◆ EXTRACTED MATERIAL
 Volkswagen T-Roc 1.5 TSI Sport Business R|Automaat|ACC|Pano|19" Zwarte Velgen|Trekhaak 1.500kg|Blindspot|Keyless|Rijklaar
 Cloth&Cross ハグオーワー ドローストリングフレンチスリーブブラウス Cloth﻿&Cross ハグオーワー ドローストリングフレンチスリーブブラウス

---

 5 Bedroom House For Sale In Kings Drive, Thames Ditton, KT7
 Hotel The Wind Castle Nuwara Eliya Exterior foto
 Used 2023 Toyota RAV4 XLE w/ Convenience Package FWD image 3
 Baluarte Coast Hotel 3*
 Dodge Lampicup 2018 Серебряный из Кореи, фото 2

◆ WHAT THIS TASK INVOLVES
Taking the records above, retype every line from the one with "Volkswagen T-Roc 1.5" down to the one with "Cloth&Cross ハグオーワー ドローストリングフレンチスリーブブラウス", exactly and with nothing else.

◆ TASK SOLUTION
 Volkswagen T-Roc 1.5 TSI Sport Business R|Automaat|ACC|Pano|19" Zwarte Velgen|Trekhaak 1.500kg|Blindspot|Keyless|Rijklaar
 Cloth&Cross ハグオーワー ドローストリングフレンチスリーブブラウス Cloth﻿&Cross ハグオーワー ドローストリングフレンチスリーブブラウス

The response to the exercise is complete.